Gertrude Steiger Kearns (born 1950) is a Canadian contemporary war artist.
Kearns was born in 1950 to father Frederic Steiger in Toronto, Ontario.[1]
Inspired by the Gulf War, Kearns began drawing war art with a focus on military experiences in Somalia and Rwanda. By 1997, the War Museum housed two of her paintings of Kyle Brown and later accepted her MacKenzie and Dallaire portraits.[1] In 2003, Kearns was one of the chosen artists sent to Afghanistan under the Canadian Forces Artists Program.[2] Upon her return, Kearns completed a three-panel painting titled "What They Gave," which included an image of three wounded men in hospital settings.[3] In 2005, two of her art pieces depicting Canadian soldiers, specifically Kyle Brown, torturing Shidane Arone, were displayed at the Canadian War Museum. As a result, boycotts arose from Clifford Chadderton and National Council of Veterans Associations who did not want such contents on display.[4] She also created an exhibition of painting regarding John Bentley Mays to display "psychological conflict and the transitory nature of resolution in the face of intellect and depression."[5] Kearns eventually compiled her Afghan war art into an exhibit titled "The Art of Command: Portraits and Posters from Canada's Afghan Mission."[6] From December 2005 until January 2006, Kearns was commissioned to stay with Canadian soldiers in Kandahar and create five paintings from that experience.[7]

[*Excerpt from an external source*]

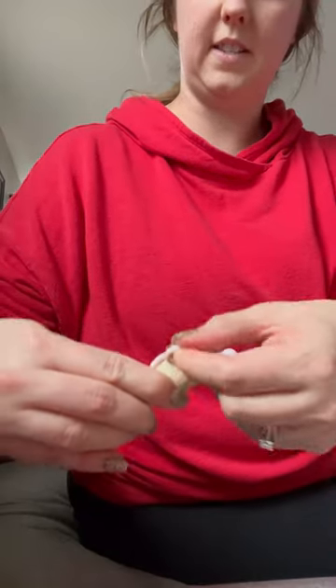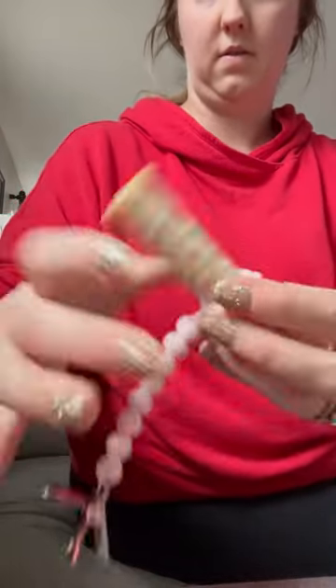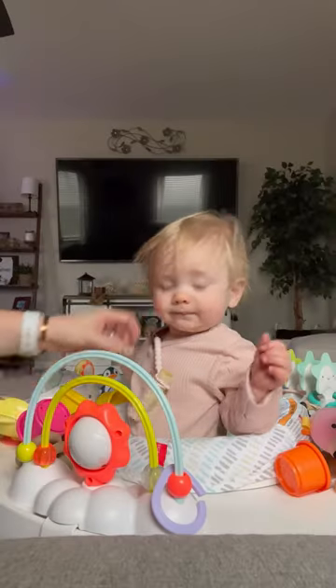Loop it around here so it's nice and snug. Now you're ready to give it to baby. Here you go, sweetie.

In 2008, Kearns was commissioned to paint Tecumseh and Brock, the Shawnee Indian leader and British major-general who fought in the War of 1812.[8] By 2011, Kearns was working on creating 24 war posters, specifically images of prominent Canadian soldiers. Despite the willingness of the Canadian military to accept her work, Kearns found that commercial galleries were unwilling to display her art for not being “subversive enough.”[9]
In 2015, the Fort York Visitor Centre displayed Kearns military art exhibit "The Art of Command: Portraits and Posters from Canada’s Afghan Mission."[10] [11] In 2019, Kearns was named a Member of the Order of Canada.[12] In 2024 four of her works were included in Outside the Lines, an exhibition by the Canadian War Museum. One was The Dilemma of Kyle Brown: Paradox in the Beyond (1995), which showed a Canadian soldier involved in the torture death of a Somali citizen caught stealing from a Canadian base.[13]